■ **The data**
::::

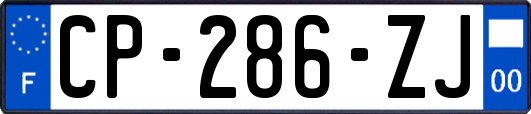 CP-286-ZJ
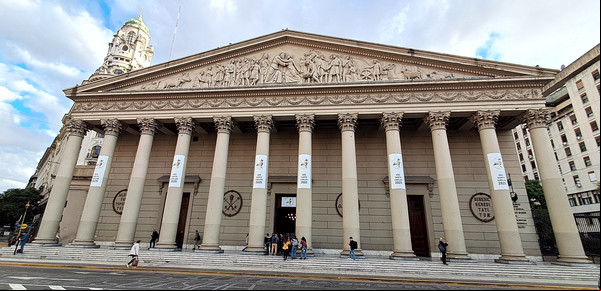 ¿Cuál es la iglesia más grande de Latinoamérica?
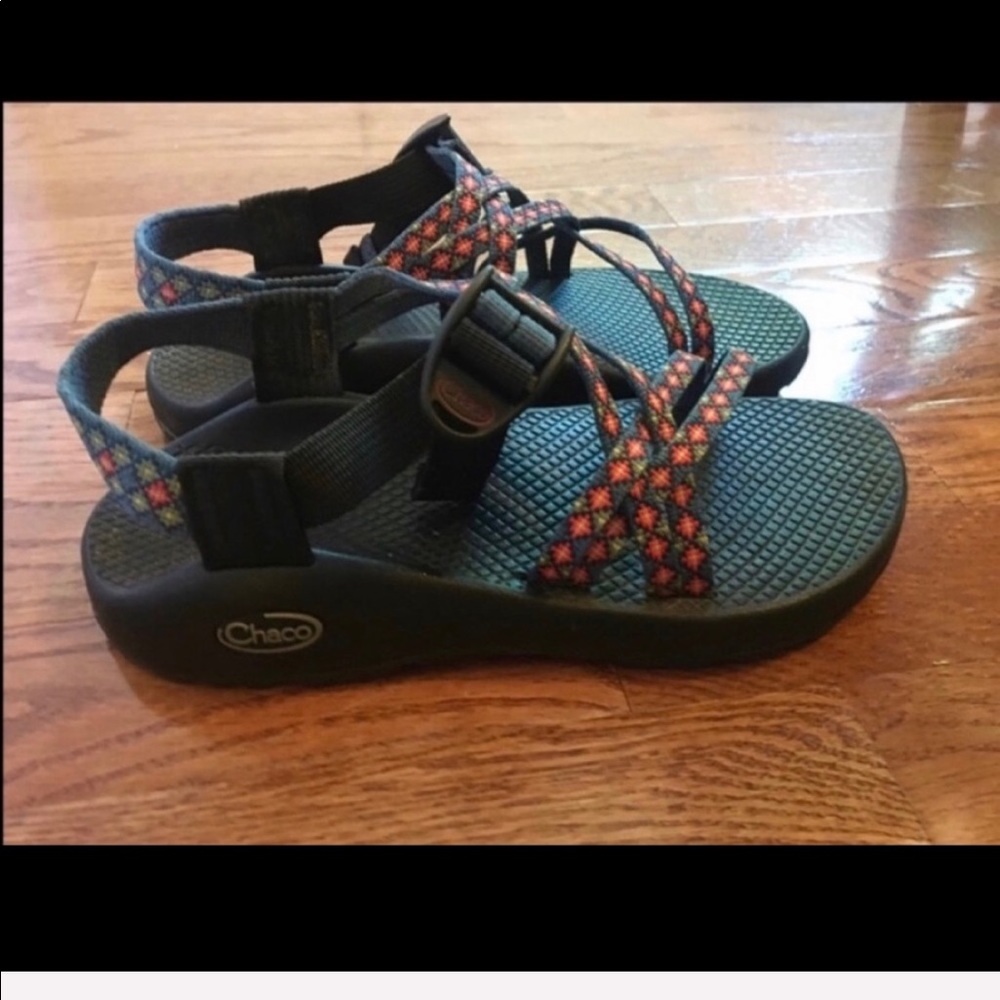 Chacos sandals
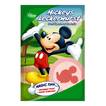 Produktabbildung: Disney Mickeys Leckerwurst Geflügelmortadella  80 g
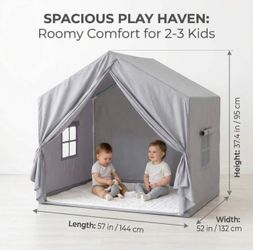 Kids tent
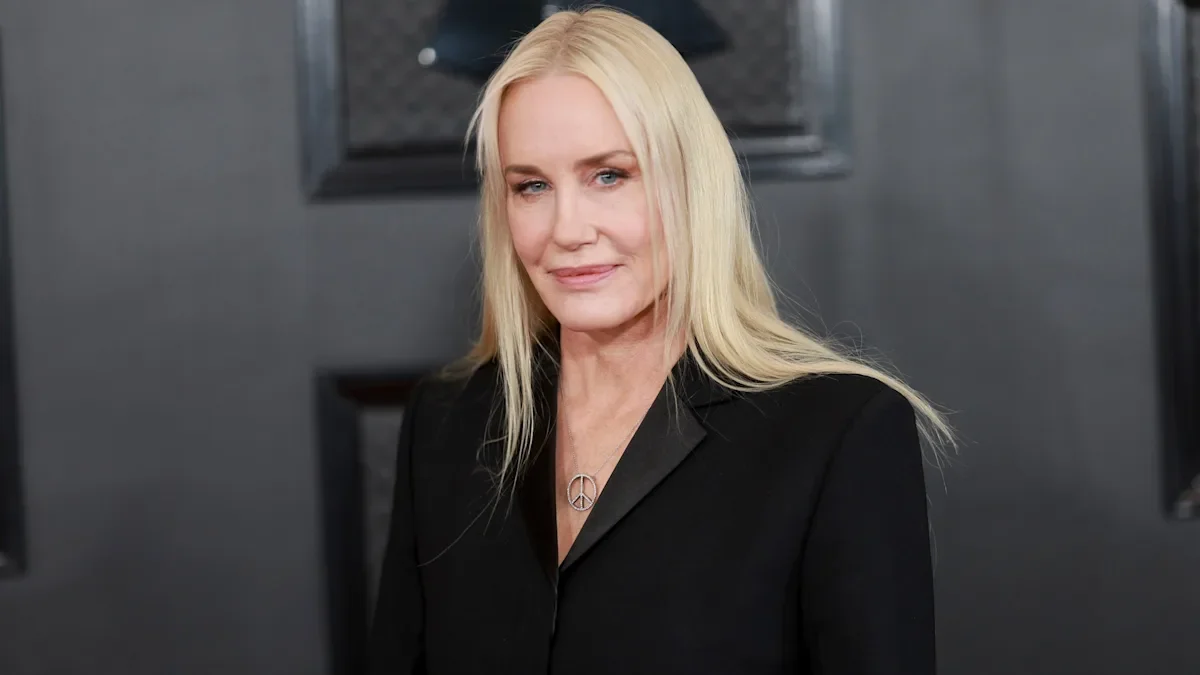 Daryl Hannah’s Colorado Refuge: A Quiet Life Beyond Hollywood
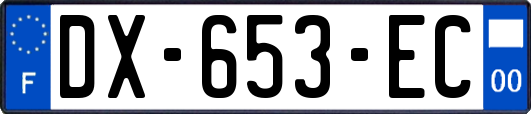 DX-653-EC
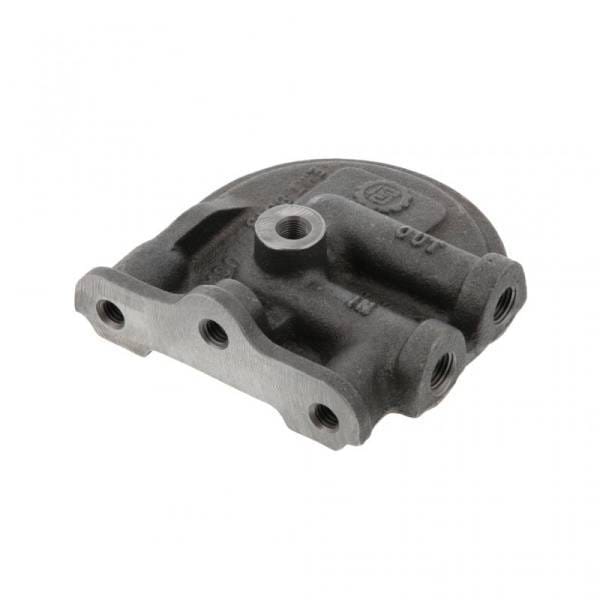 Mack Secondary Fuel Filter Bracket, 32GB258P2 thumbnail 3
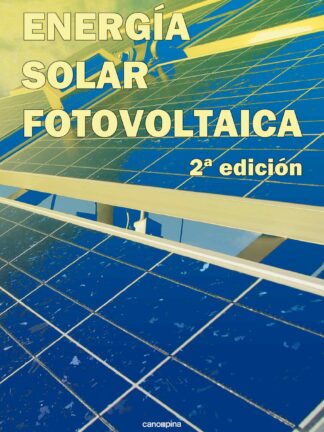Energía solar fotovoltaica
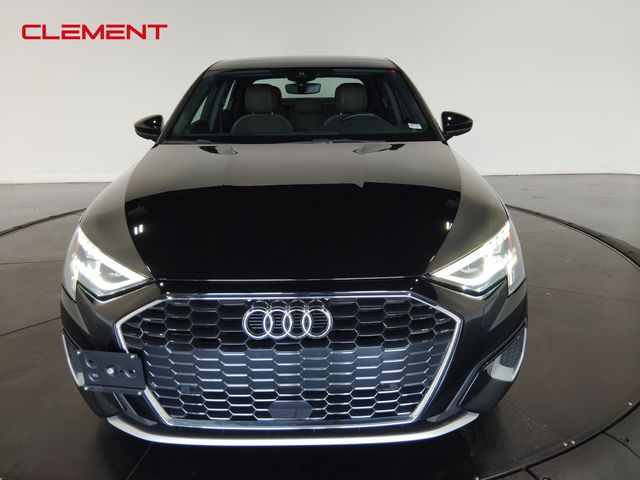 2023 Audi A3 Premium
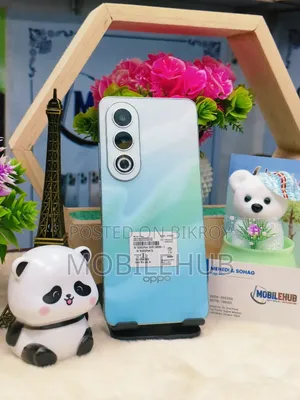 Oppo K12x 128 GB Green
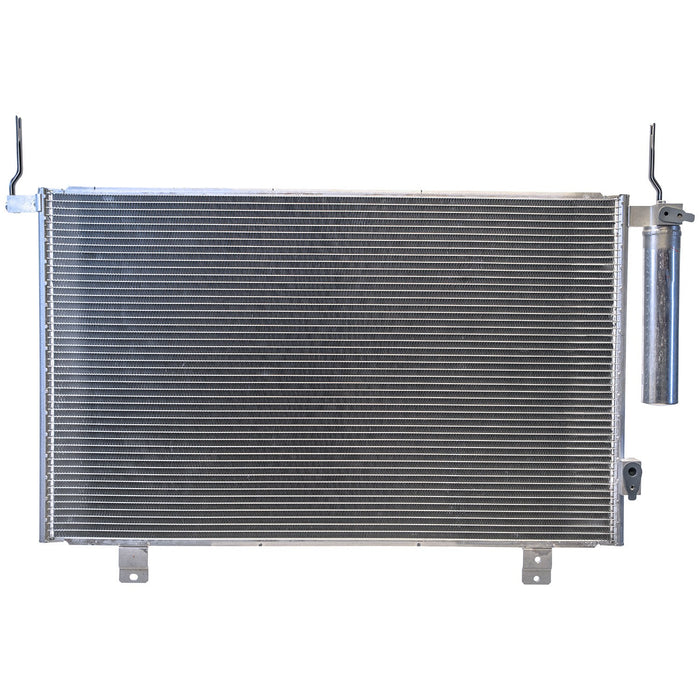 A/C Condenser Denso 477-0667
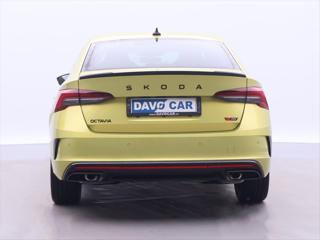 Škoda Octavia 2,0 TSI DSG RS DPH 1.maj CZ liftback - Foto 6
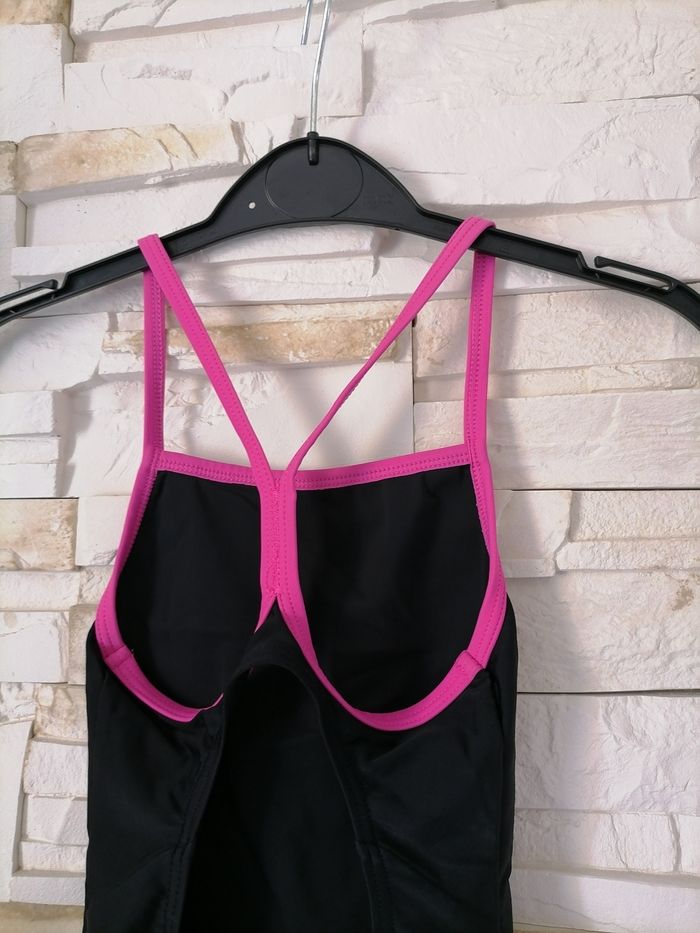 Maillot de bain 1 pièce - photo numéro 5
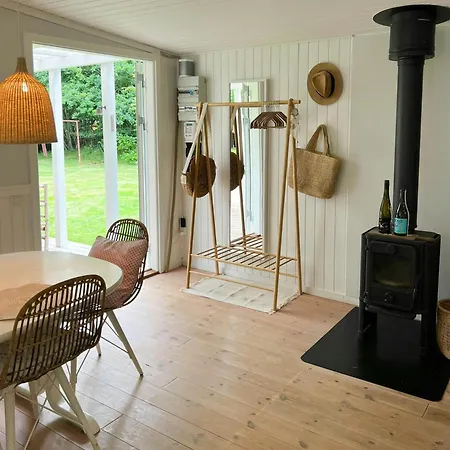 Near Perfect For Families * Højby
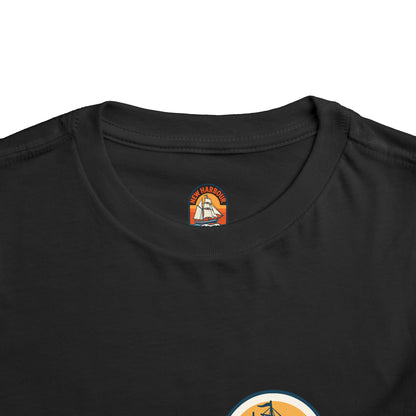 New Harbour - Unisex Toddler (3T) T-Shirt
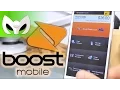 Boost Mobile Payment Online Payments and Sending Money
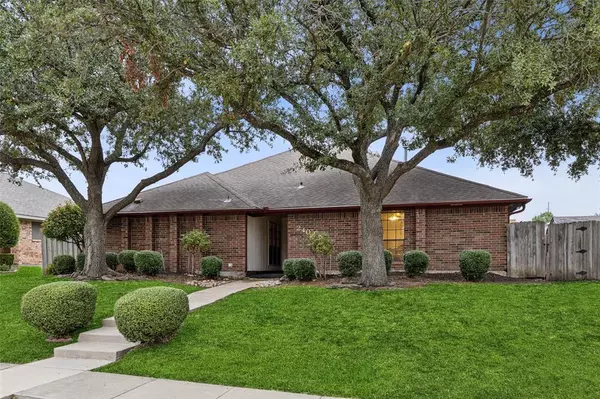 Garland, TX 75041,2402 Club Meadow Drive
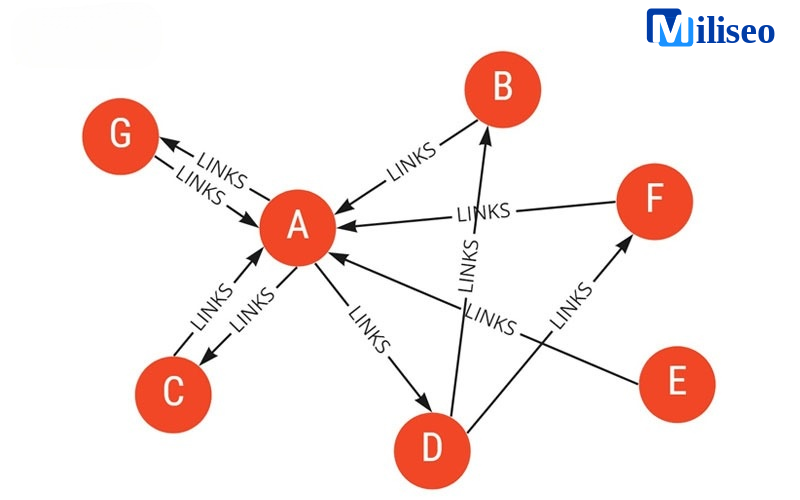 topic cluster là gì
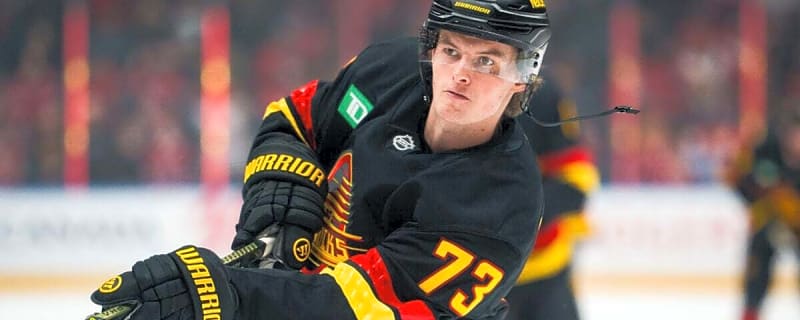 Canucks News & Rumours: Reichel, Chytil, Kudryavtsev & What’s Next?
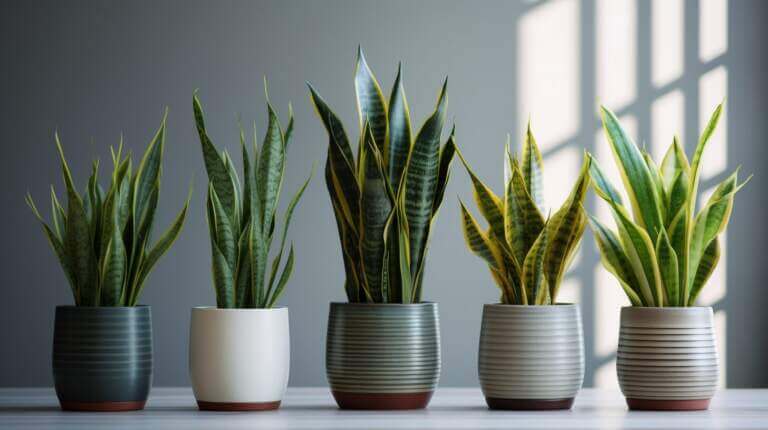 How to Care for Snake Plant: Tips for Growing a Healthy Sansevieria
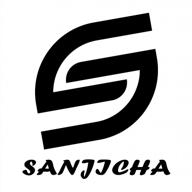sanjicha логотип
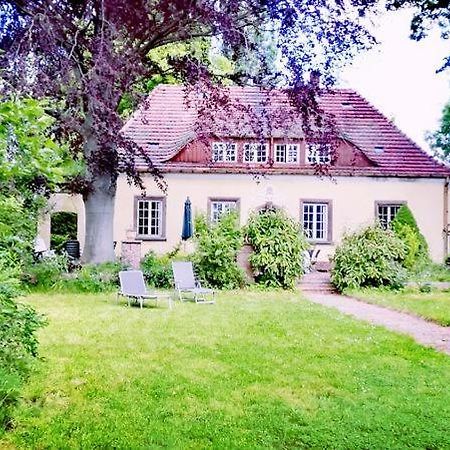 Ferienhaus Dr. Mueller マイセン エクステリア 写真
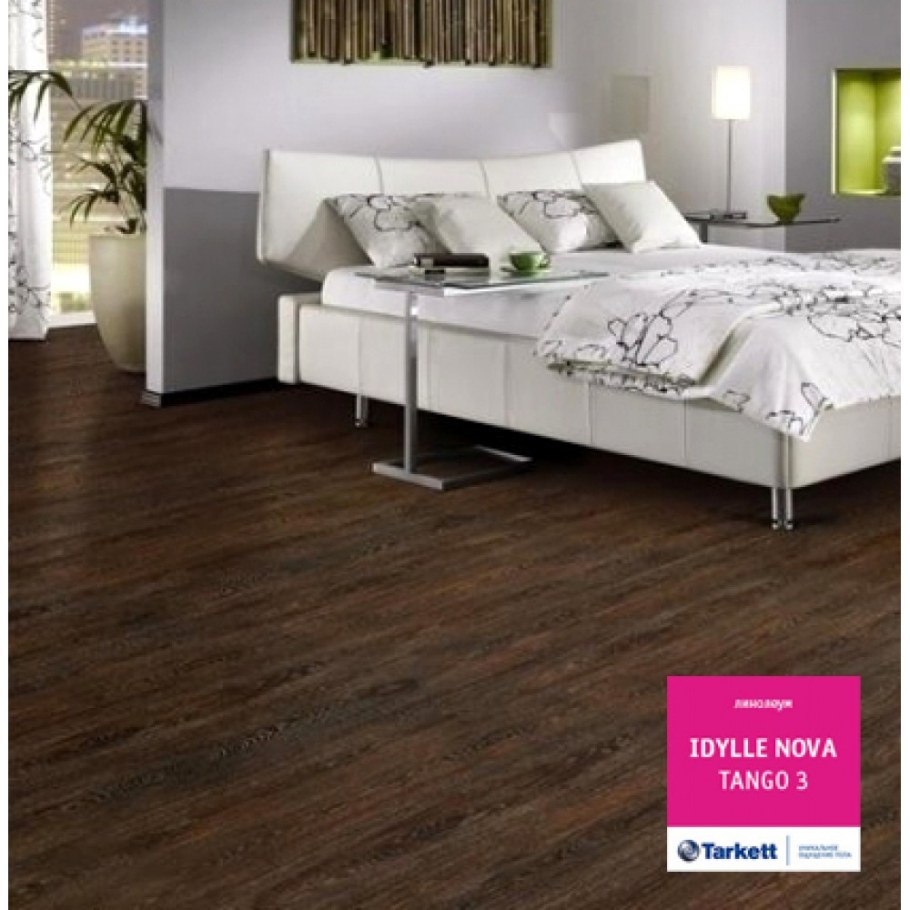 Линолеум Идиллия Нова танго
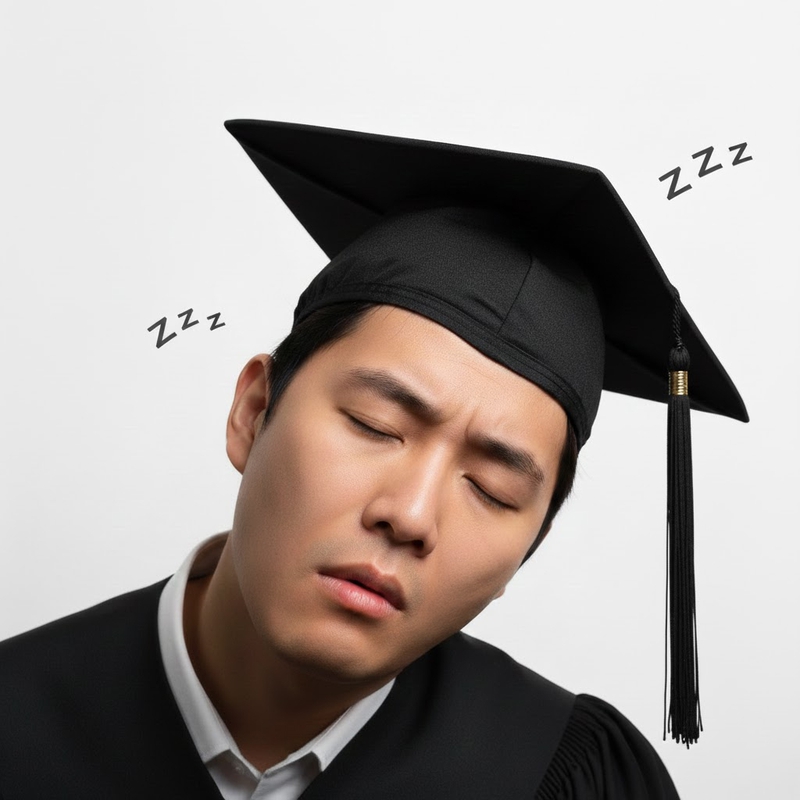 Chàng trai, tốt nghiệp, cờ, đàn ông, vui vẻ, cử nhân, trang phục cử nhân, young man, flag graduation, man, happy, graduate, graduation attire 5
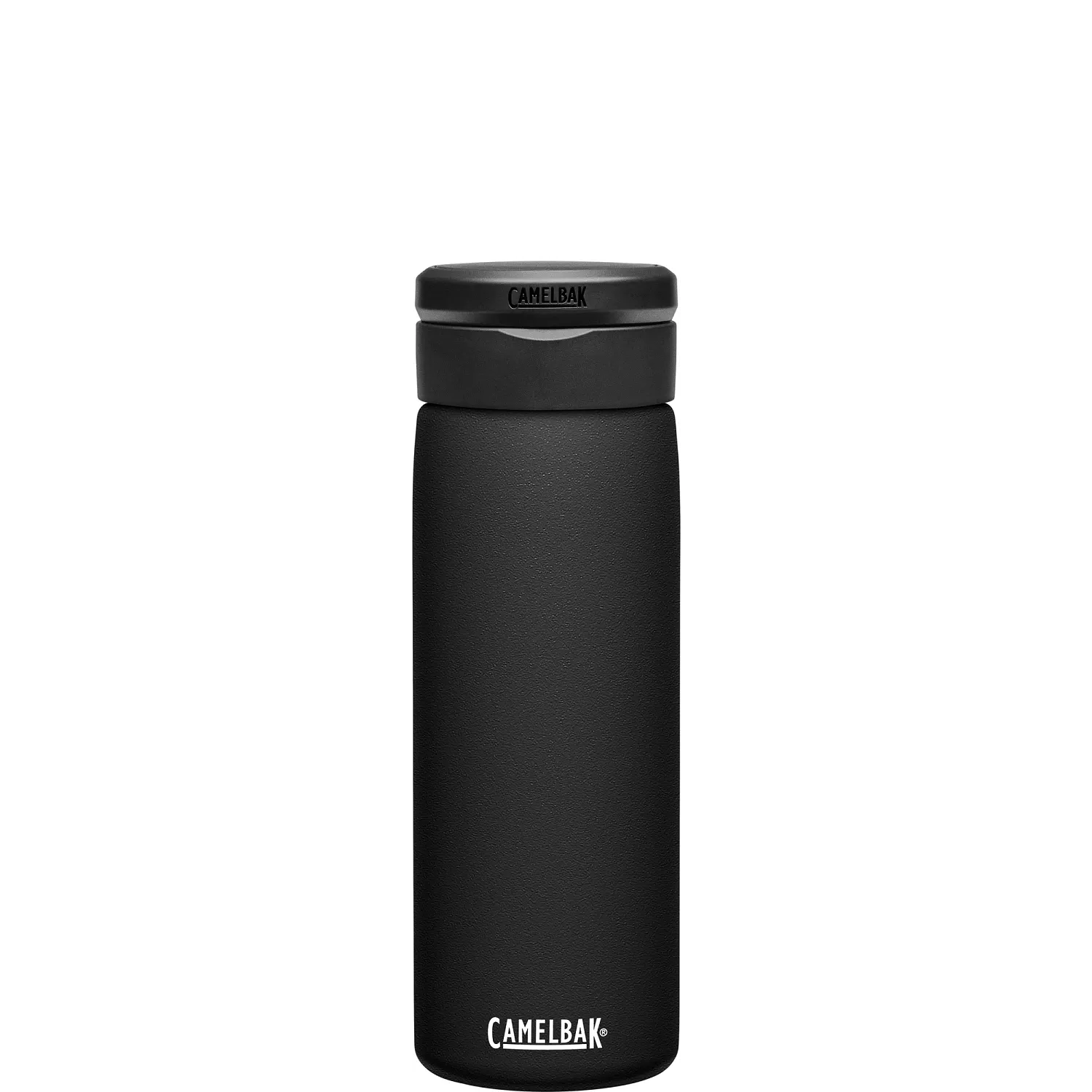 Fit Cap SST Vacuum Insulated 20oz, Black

::::

The lines from the start of the records above through the line that holds "A/C Condenser Denso 477-0667" are to be copied exactly, both ends included, and no pictures are to be copied.

 CP-286-ZJ
 ¿Cuál es la iglesia más grande de Latinoamérica?
 Chacos sandals
 Produktabbildung: Disney Mickeys Leckerwurst Geflügelmortadella  80 g
 Kids tent
 Daryl Hannah’s Colorado Refuge: A Quiet Life Beyond Hollywood
 DX-653-EC
 Mack Secondary Fuel Filter Bracket, 32GB258P2 thumbnail 3
Energía solar fotovoltaica
 2023 Audi A3 Premium
 Oppo K12x 128 GB Green
 A/C Condenser Denso 477-0667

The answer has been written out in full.